Unfortunately, they don't carry the tile I want.....
Back to Modi'in. Yossi tells the cousin that we need floor tile, and bathroom tile, and toilets and a tub and shower stall, and since we're bringing him all this business, how about a better price?
The cousin comes down to 210 NIS/meter. Yossi argues persuasively with him--c'mon, that's the same price as in Jerusalem, can't you do better than that?
Cousin then gives us 50% off of all the fixtures, and 40% off the bathroom and mirpesset tile.

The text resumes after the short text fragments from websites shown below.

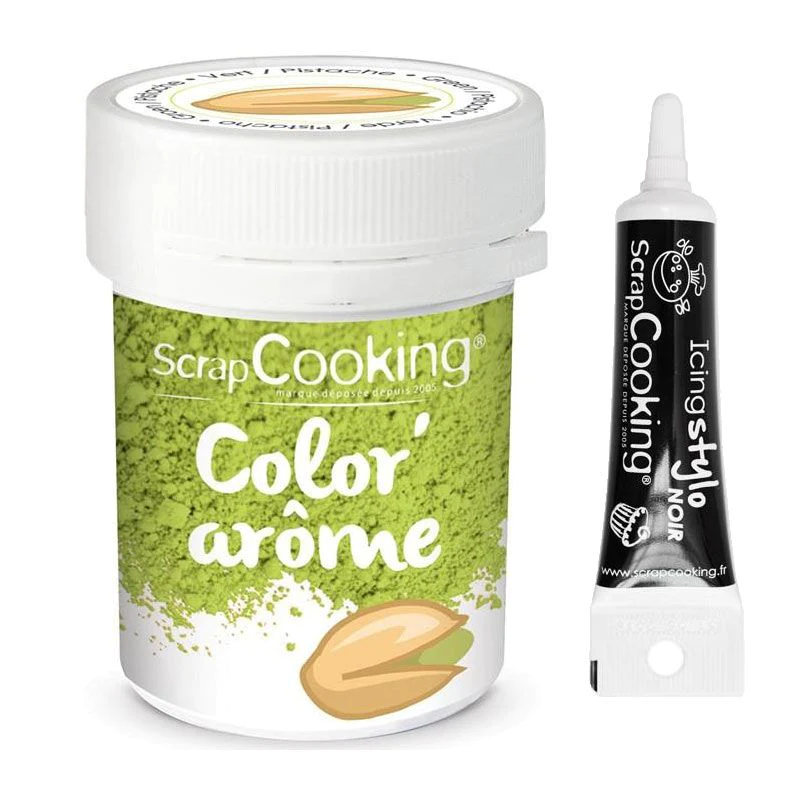 Colorant alimentaire vert arôme pistache 10 g + Stylo glaçage noir Scr
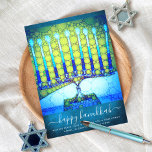 Hanukkah Stylish Blue Green Menorah on Teal Flat Holiday Card<br><div class="desc">“Happy Hanukkah”. A close-up photo illustration of a bright, colorful, blue artsy menorah on a textured teal blue background helps you usher in the holiday of Hanukkah. Feel the warmth and joy of the holiday season whenever you send this stunning, colorful Hanukkah flat greeting card. Matching envelopes, stickers, tote bags,...</div>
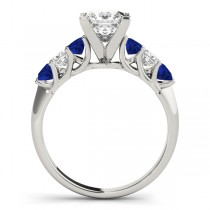 Princess cut Diamond & Blue Sapphire Bridal Set 18k White Gold 1.30ct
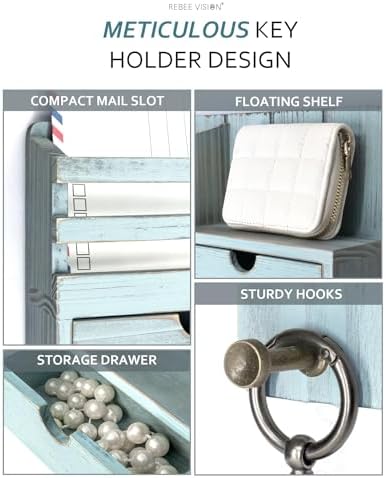 Rebee Vision Key Holder Wall Mount with Shelf for Entryway, Distressed Blue - Image 3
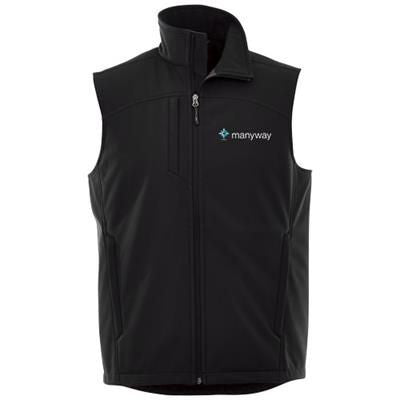 Branded Promotional STINSON SOFTSHELL BODYWARMER in Black Solid Bodywarmer From Concept Incentives.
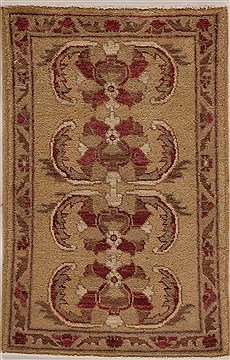 Pakistani Pishavar Beige Rectangle 2x3 ft Wool Carpet 13375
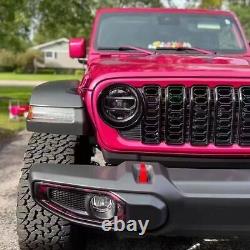 Front Grill Bumper Mesh Grille For Jeep Wrangler JK 2007-2017 upgrade to 2024 JL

It looks like we have a deal...but Yossi's not done yet.
He takes the cousin aside. "What about my 10%?"
"But I gave you the best price possible!" the cousin protests.
"Yes, but that's for the buyers--what about me?" Yossi persists. "You PROMISED me that I'd get 10% if I brought their business to you."
Despite the airconditioning, the cousin is sweating. He finally agrees, looking slightly ill, to the 10%.
"Good!" Yossi exclaims. "Take it off their bill--these people are family to me!"
We got that tile I couldn't possibly afford for 190 NIS/meter. I'm lousy at math, but I figure that's about 45% of the original asking price.
So how do you buy tile in Israel? Make really good Israeli friends who have to survive on the economy and know the ropes, and then take them shopping with you. DO NOT try to do this alone, without adult Israeli supervision and with your immigrant accent--you'll get eaten alive.